EDITORIAL: CMU is becoming a generic university


Maybe it takes enrollment numbers to make some realize that there is a big problem at Central Michigan University.

We used to have strong, individual qualities, but recently they are becoming less and less frequent, and it's noticeable.

CMU has become a generic university. It’s not the same place that stood by itself as it offered the CMU Promise until 2008; it's not the school known through the state and nationally.

For the past five years, CMU has become so focused on competing with other in-state universities to offer the same things that they offer, instead of focusing on what makes this university spectacular.

With the Tuesday announcement that freshman enrollment is down about 13 percent while overall enrollment is down about 2 percent, one can't help but to wonder what caused that decrease.

Although University President George Ross said the turmoil at CMU had nothing to do with enrollment drops, which could be debated, he made a good point: The number of high school graduates is decreasing in Michigan and CMU is going to have to look out of state more often.

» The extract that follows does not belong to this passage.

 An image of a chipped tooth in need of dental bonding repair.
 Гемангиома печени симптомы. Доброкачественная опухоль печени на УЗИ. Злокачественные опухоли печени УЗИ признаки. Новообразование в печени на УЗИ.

Here's the problem with that: What do we have that sets us apart from the pack?

If you had asked that question five years ago it would've been we have the CMU Promise.

Four years ago: We have a great football team.

In that same timeframe: We have a College of Medicine coming.

In the past three years there has been turmoil surrounding the funding for CMED, the CMU Promise was eliminated and, even after a big victory in Iowa, our football team is still far from where it stood in the Butch Jones/Brian Kelly era.

The university boasts being "one of the nation's 100 largest public universities and offers more than 200 academic programs at the undergraduate, master's, specialist and doctoral levels" on its page for potential students.

CMU has national prominence in that regard, yet rarely acts like it.

For the past five years the administration and board of trustees has had a "keeping up with the Jones'" approach to running a university.

"If Western is opening a College of Medicine, then why can't we? Other universities have great food selections, let's spend $1.5 million to build a Mongolian Barbeque."

That's not to mention CMU's disastrous new website, which still has a homepage that resembles something more fit for a credit card company.

The bottom line is by trying to play catch-up with other rival universities the university refuses to do one thing: Make CMU a place that stands out.

Right now CMU is opting for the option of becoming a generic university that offers a little of everything and is mediocre at them, rather than a few things and being very good at them.